I know IRGC is bad, there is no argument there. But to take agency away from Iranians that could genuinely be protesting against regime-change protestors just doesn't feel right to me.
I'm not saying there aren't people supportive of the status quo. What I'm calling out is the notion that organized mass protests that perfectly align with regime tactics from the past several decades could possibly be legitimate, as opposed to being astroturfed, for which there is plenty of evidence.
The Basij and local militia, ostensibly under the control of the regime, and in coordination with the IRGC, will issue orders to militia/military members and sometimes direct them to bring families with them. Some go willingly, but all go with an implicit gun to their families heads.
https://x.com/impk247/status/2011046265594003705 https://x.com/Skeptic222/status/2010698808456360131
There are a large number of reports and reporting from new media, social media, and so on, but there's no current smoking gun.
https://jamestown.org/the-role-of-the-revolutionary-guards-a...
https://en.wikipedia.org/wiki/Basij
https://understandingwar.org/research/middle-east/iran-updat...

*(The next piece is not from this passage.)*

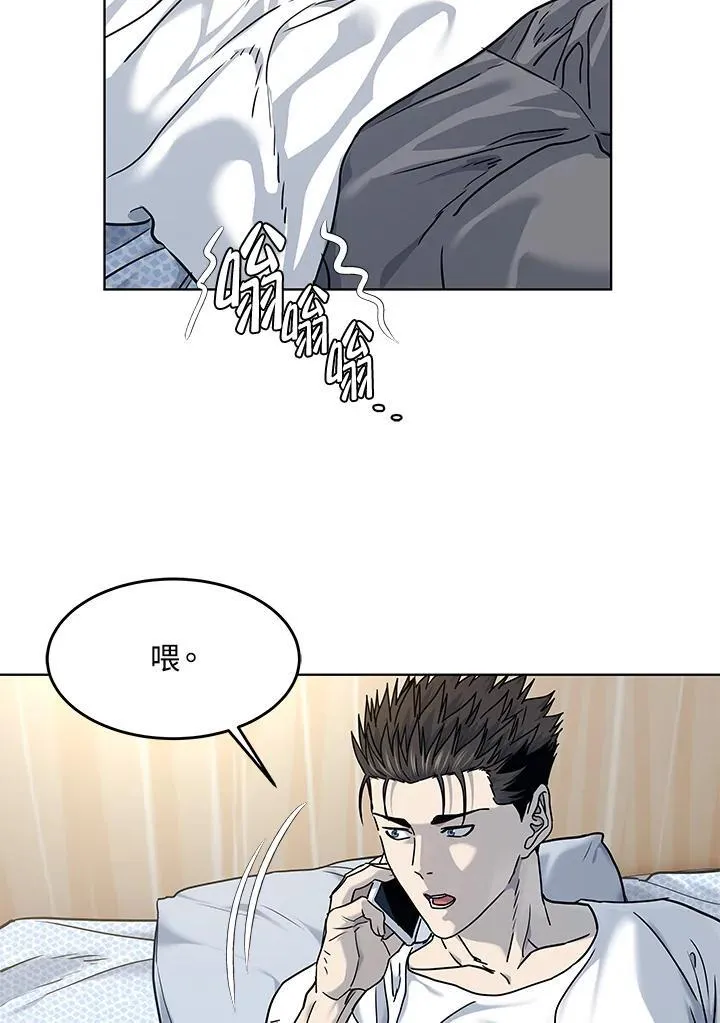 第2季 第66话79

The IRGC and Basij and forced astroturfing is a frequently used and well understood tactic that the regime has kept in its toolbox. It's not a crazy conspiracy or unfounded, it's just business as usual. Just like I know they're using 7.62 NATO standard ammunition to gun people down, even though I haven't seen even a single picture of spent shell casings or bullets pulled from bodies. It's just how they do things.
It's not taking agency away if you can't tell the difference between someone being forced, pressured, going along to survive, or genuinely invested and supportive of the regime.

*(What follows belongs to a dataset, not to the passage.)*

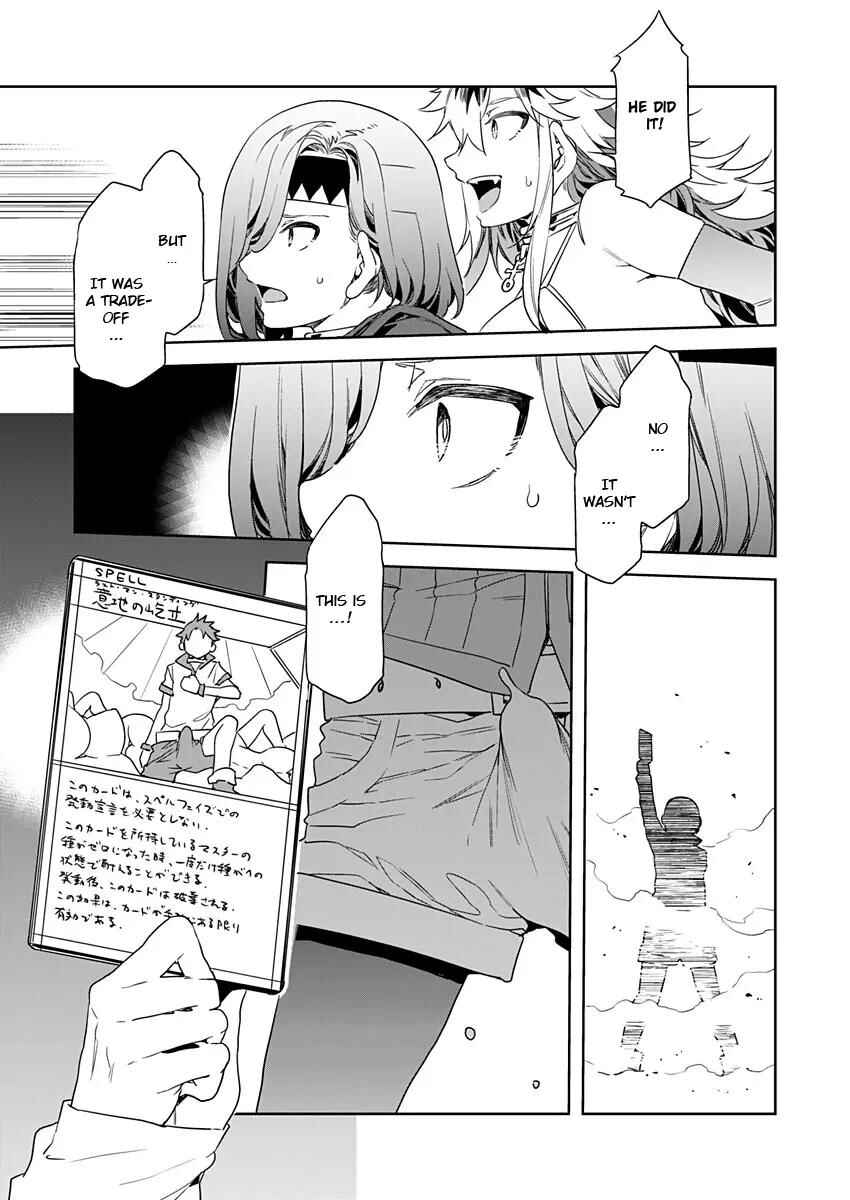 Page 18 Chapter 7 LUVSLAVE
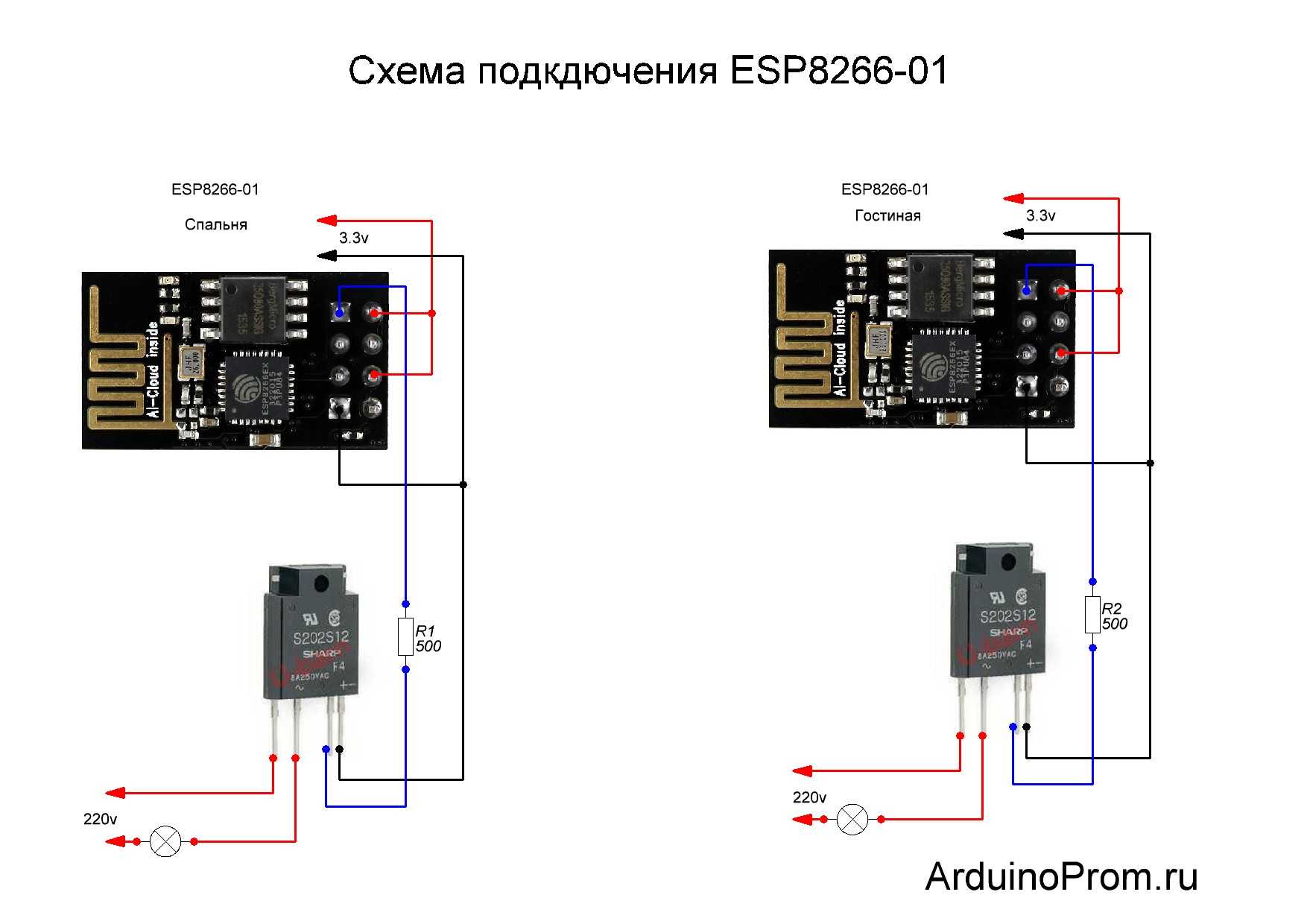 Схема подключения esp 01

What would give them real agency is not living under the thumb of a dystopian authoritarian theocratic dictatorship. Pretending that there's any legitimacy to supporting the regime is also a little crazy. As long as 81 million people think its ok to live that way, you should let them oppress and murder and enslave and exploit the other 9 million? That's right up there with saying the parades for Kim Jong Un in North Korea show us some real support for that regime, or that people who express support of Un could possibly have any legitimacy.
At any rate, I hope any genuine supporters of the regime that are simply ignorant of the abuses and atrocity are simply disappointed and free to grumble about it in the near future, and see their lives radically improved and uplifted by whatever comes next. There's a huge amount of potential funding and international support - not just the US - that could make a free Iran drastically different than Libya or Syria or Iraq or Afghanistan.
They've got a cultural core and the diaspora and families who'd love nothing more than to return and rebuild, from all over the world. Even if they don't go the route of restoring the Shah, I think the Shah and that apparatus is willing to support and legitimize whatever comes next.
I honestly thought I'd live my entire life with Iran being a rogue state and perennially agitating and sponsoring terror, that it'd just be the way things are, until AGI, Aliens, or Armageddon.